The deviation would merely be syntactical though. (And the syntactic candy here does weigh heavy.) The actual semantic deviation is regarding sub-region refs (but see above).

BTW, PRImA's own implementation so far does not even respect the indices (but uses implicit ordering solely).

  • Another issue I have is the relationship of this new RO mechanism to the existing @IDNEXT mechanism, which are now redundant to some degree: What if they both are used, and what if they clash?
  • The easiest way would be to disallow one when the other is present. I'm not proficient enough with XSD to know how one would encode this.

It's not possible by schema AFAIK, but one could add documentation stating that any @IDNEXT is to be ignored if ReadingOrder is present…

  • Regarding @BASEDIRECTION, am I right in assuming it would practically only make sense to have block and line level use orthogonal values, i.e. rtl/ltr in a ttb/btt or ttb/btt in a rtl/ltr? How is this enforced by the schema?
  • It should be allowed in any combination which hopefully makes sense given the BiDi comment above.

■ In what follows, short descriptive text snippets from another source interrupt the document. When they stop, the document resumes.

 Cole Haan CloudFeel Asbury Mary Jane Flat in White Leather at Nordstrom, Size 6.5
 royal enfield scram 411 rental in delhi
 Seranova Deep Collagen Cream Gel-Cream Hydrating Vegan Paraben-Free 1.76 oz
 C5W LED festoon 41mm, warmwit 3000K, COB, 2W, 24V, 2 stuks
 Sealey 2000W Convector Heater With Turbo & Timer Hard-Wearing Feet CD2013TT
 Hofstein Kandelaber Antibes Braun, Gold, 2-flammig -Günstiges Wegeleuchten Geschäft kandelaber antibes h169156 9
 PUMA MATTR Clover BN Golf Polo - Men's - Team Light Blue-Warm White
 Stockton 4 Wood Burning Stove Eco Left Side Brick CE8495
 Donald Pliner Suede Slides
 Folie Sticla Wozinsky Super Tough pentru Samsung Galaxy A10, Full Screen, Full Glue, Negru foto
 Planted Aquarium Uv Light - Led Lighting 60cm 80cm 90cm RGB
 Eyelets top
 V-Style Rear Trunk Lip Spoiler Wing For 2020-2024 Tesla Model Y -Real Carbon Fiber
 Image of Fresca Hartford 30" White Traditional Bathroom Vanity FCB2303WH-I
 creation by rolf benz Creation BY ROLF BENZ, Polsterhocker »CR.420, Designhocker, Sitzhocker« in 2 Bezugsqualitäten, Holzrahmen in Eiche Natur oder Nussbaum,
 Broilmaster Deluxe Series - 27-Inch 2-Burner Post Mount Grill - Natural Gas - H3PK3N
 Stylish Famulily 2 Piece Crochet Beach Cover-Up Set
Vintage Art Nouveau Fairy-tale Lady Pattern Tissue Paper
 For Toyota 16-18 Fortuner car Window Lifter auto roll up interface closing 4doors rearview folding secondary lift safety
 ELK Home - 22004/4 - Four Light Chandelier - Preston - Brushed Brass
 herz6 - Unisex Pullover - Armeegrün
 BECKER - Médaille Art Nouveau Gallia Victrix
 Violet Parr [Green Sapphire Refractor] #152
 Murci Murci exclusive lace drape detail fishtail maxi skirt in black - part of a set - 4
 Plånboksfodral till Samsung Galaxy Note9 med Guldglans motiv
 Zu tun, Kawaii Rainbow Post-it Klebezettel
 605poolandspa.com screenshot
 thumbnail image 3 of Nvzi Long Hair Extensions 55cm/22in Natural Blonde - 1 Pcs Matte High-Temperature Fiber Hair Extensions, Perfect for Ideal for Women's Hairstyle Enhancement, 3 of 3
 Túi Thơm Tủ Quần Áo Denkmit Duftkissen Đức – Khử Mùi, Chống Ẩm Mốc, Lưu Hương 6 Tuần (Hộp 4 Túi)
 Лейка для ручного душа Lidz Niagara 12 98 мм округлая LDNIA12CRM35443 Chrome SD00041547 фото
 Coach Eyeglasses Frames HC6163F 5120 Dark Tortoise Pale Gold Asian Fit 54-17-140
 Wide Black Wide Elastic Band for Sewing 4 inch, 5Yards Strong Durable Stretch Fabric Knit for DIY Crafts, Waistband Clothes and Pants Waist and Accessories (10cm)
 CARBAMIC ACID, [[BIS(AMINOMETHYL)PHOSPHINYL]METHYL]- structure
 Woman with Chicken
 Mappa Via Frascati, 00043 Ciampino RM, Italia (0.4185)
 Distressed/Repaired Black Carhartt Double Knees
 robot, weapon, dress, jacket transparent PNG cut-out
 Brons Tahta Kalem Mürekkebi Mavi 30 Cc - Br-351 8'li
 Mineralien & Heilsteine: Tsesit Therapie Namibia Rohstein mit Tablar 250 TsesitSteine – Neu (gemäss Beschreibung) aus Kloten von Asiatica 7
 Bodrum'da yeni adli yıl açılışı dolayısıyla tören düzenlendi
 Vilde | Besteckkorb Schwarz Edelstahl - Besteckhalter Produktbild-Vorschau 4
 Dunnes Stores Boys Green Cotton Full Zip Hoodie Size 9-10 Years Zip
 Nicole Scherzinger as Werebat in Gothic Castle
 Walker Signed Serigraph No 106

In any case, I'm loath to prohibit redundant encodings. They are often easier to serialize/deserialize than more compact encodings while not allowing these doesn't offer any benefits.

Yes. (The question followed from my misunderstanding. I'm not worried about the cost of redundancy here. And functionally, in a DOM you can always fully expand the inheritance.)

  • Also, since these are absolute notions, what is the relationship to @ROTATION (which could apply to each block differently)? Should we read this as applying before or after deskewing? What is your point of reference for absolute terms like top and bottom, left and right when you have non-orthogonal @ROTATION – does the interpretation of "left" snap from one side to the other as the angle crosses 45°?
  • Top to bottom, bottom to top, left to right, and right to left are line-relative and abstract notions and not absolute with regard to page orientation. Rotation is mostly independent of that. Every single line of this manuscript page would be rtl (or ltr if the text transcription was produced in an environment with the BiDi algorithm base direction set to ltr) but the @ROTATION could be anything. @ROTATION only comes into play when deciding how to extract the line image for visual display (ttb/btt lines should be rectified/rotated to be vertical, ltr/rtl lines to be horizontal) but it isn't well enough specified to be useful for that as it isn't clear relative to which axis the rotational angle is. In any case, @BASELINE is much more powerful as it allows rectifying arbitrarily curved and rotated lines; at least for manuscripts where line angle and curvature tends to change inside a text block @ROTATION is woefully inadequate.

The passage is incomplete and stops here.